Es lo que hizo hace unas semanas el Museo Reina Sofía sacando del almacén uno de los grandes trabajos de arte público español de los últimos años. Las dos piezas colocadas en la ampliación Nouvel son obra de Rogelio López Cuenca, uno de los artistas que mejor ha entendido que la dimensión pública de la labor de los de su gremio va más allá de llenar las rotondas de meninas, gordas y juegos de geometría ingeniosa. Renunciando a la lógica del monumento, cuando sale a la calle, la escultura ya no se sube al pedestal, pero no siempre se baja del burro. Cambiar el ego del rey por el del escultor no parece mucho cambiar.
En ese panorama, la obra de López Cuenca es toda una lección que en ocasiones topa con la censura, tal vez la mayor prueba de que ha alcanzado su objetivo.

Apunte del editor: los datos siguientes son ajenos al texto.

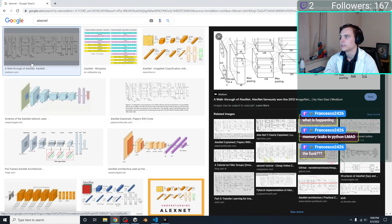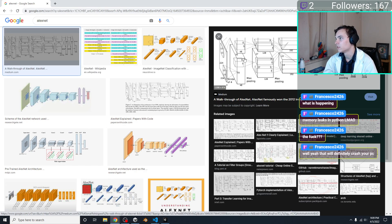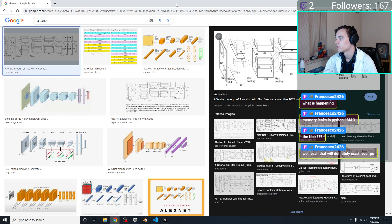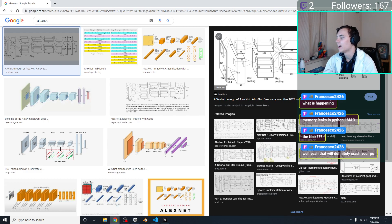I want to get a better idea of what an AlexNet actually is because that might help. Looking at it now, I recognize some of these terms. It does expect to start with a 224 by 224 image, which I'll need to figure out how to handle.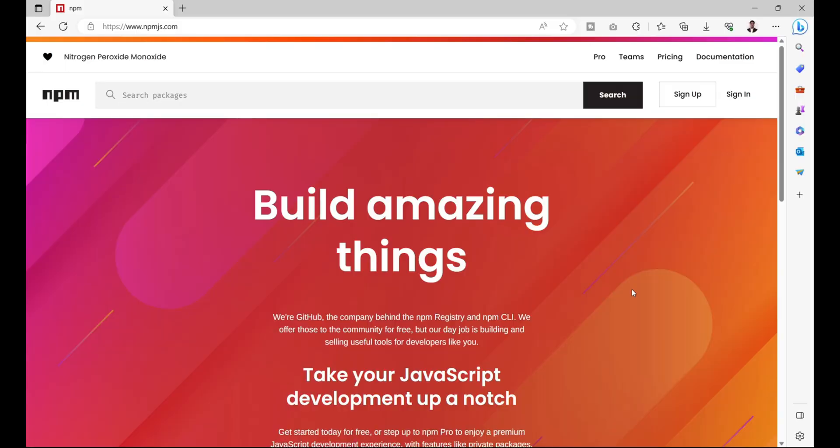Hello everyone, this is Amar Kumar Ram. Welcome back to my channel. In the previous video we created and built the data transfer library which we need to upload to the npm artifactory. Before uploading, we need an account on this website.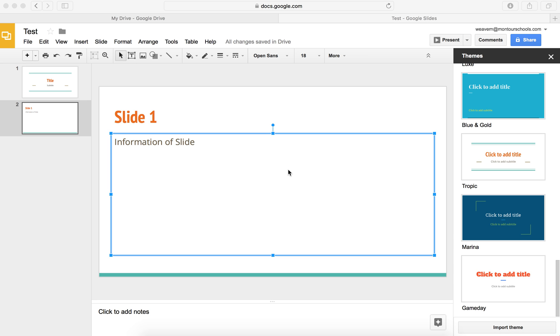In this video, I'm going to show you how to change the format of the slides in relation to the font, the size, the color, etc. Now, I'm going to show you two ways to do this.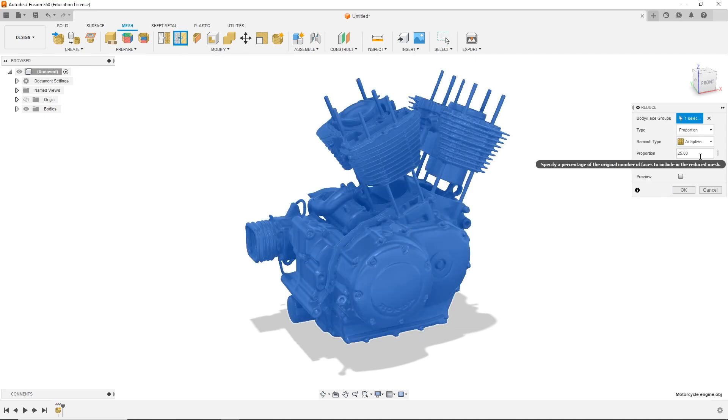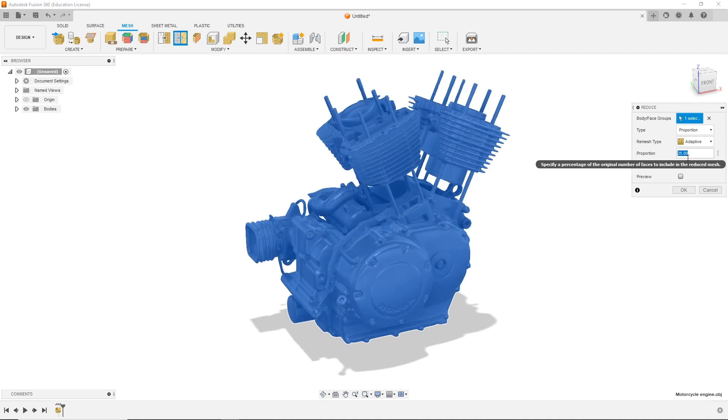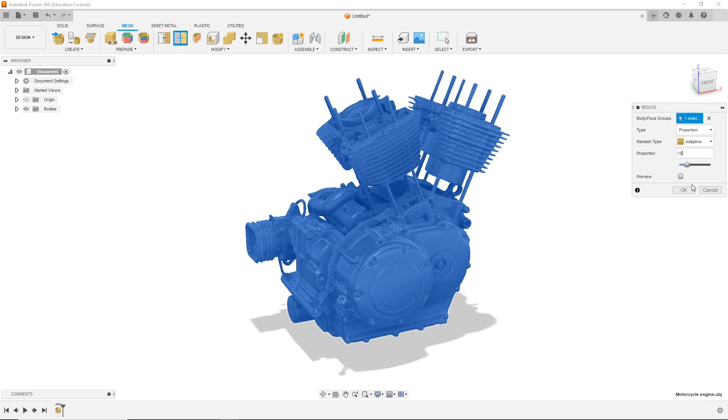Within the reduce window you can specify the percentage of the original number of faces to be included within the reduced mesh. For this case study I have reduced the mesh to 10%.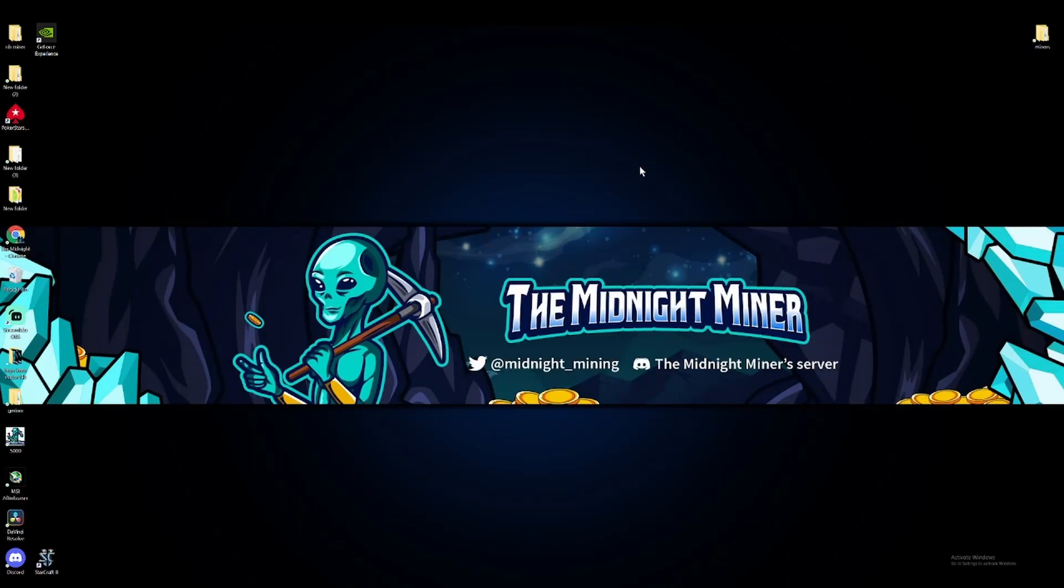Good evening everybody, welcome back. I am The Midnight Miner, and in tonight's episode, we're going to update our miner to NB Miner version 39.6. This is the latest one and it claims that it's better than the previous one.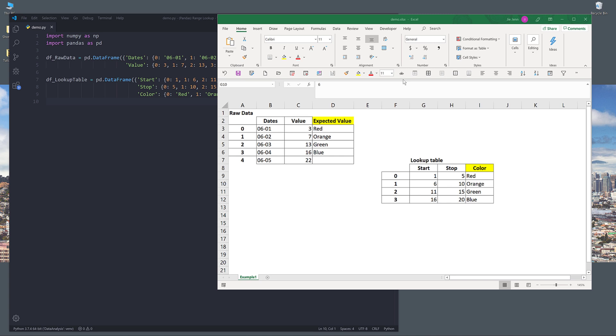Hey, how's it going guys? Welcome to another pandas tutorial video. My name is Jay. In this tutorial, we're going to learn how to perform a range lookup using the pandas library in Python.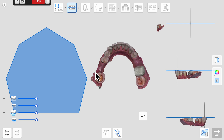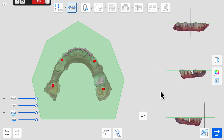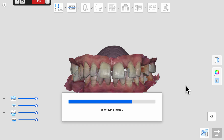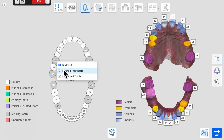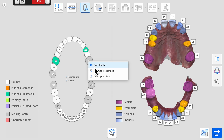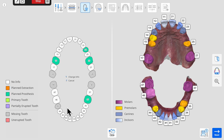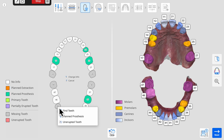After using an intraoral scanner to create digital models, four symmetrical points are placed on the model to determine the occlusal plane used for aligning the teeth in the vertical dimension. The existing teeth are automatically identified and numbered. We then indicate which of the missing teeth are being considered to replace with a prosthetic restoration.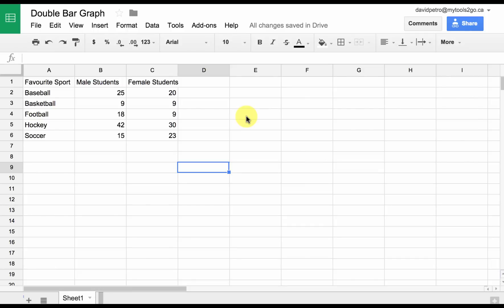Let's create a double bar graph with this discrete data. We can make a double bar graph if we have the same categories here but two sets of data—in this case, male students and female students who like this as their favorite sport.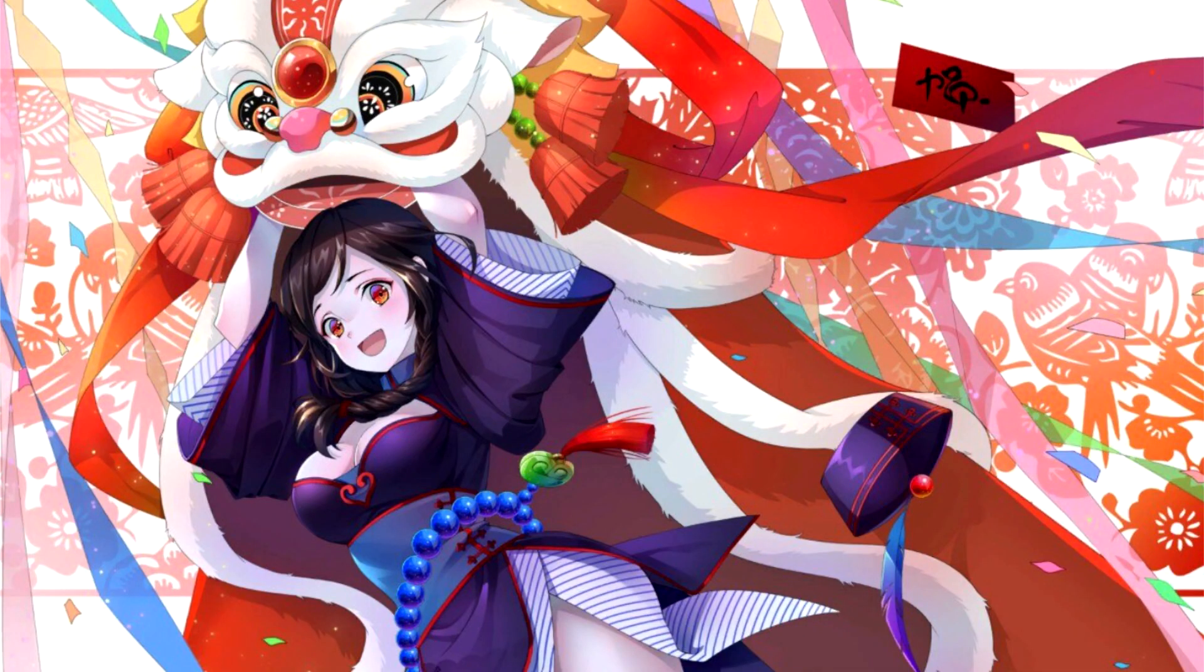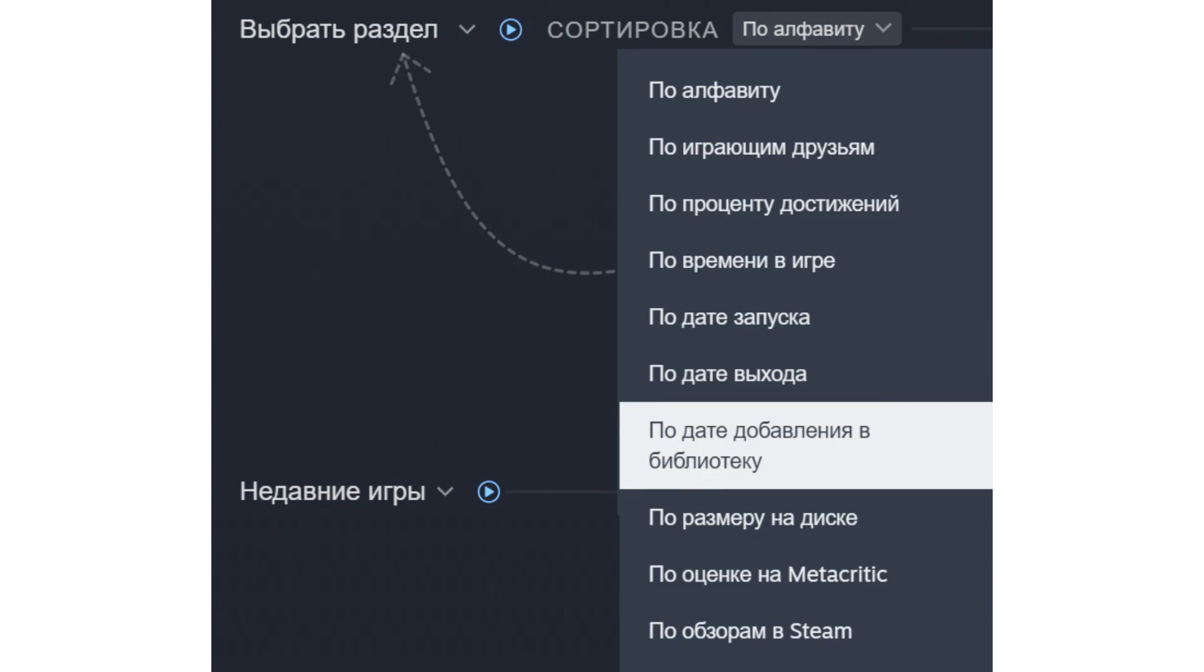Steam has received a fix for owners of large libraries. New sorting and game timer features and other updates have been released for the Steam client.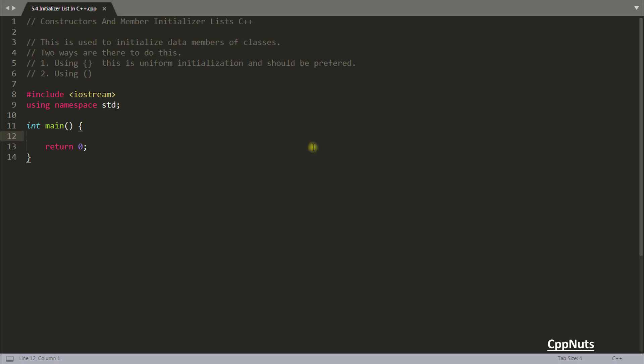Hello friends, this is Rupesh and I'm watching C++ video series. In this video we'll be looking into constructors and member initializer list. This is a very interesting topic to discuss and the use of this is it initializes the data members of classes.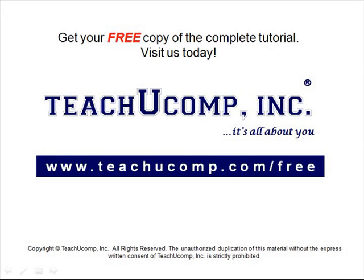Get your free copy of the complete tutorial at www.teachucomp.com forward slash free.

Uno de esos episodios tuvo lugar en 1992. La Expo de Sevilla le encargó un proyecto para la isla de la Cartuja y él propuso una serie de señales idénticas -peana de piedra con logotipo, rectángulo vertical de acero, impresión industrial- a las usadas por la organización para orientar a los visitantes. Las del artista, sin embargo, anunciaban pabellones inexistentes -Palestina o el Sáhara- o recogían, en distintos idiomas, consignas como "El gran hermano está mirándote" o "Dejad toda esperanza, espectadores: esto es un espectáculo". La Expo se puso nerviosa, temió que algunos invitados -Israel, Marruecos- se sintieran incómodos y que los visitantes no supieran distinguir el arte de lo que no lo era (¿tendrían que pensar?). Al final, retiraron las piezas, que pasaron a los fondos del Reina Sofía, esto es, a la reserva india.
Ahora el museo ha instalado dos de aquellos paneles en la entrada. Y con sendas cartelas, cosa que nunca tuvieron. Ahí están, convertidos en historia, debidamente neutralizados. Su equivalente con algo de sentido habría llevado la tipografía de la poderosa institución que las acoge ahora. Demasiado arriesgado. En el fondo, contemplarlas al lado del brochazo de Lichtenstein recuerda el aviso estampado en otra de las señales censuradas. Uno que, corrigiendo el eslogan de mayo del 68, anuncia que la playa no está bajo los adoquines: son adoquines lo que hay bajo la playa.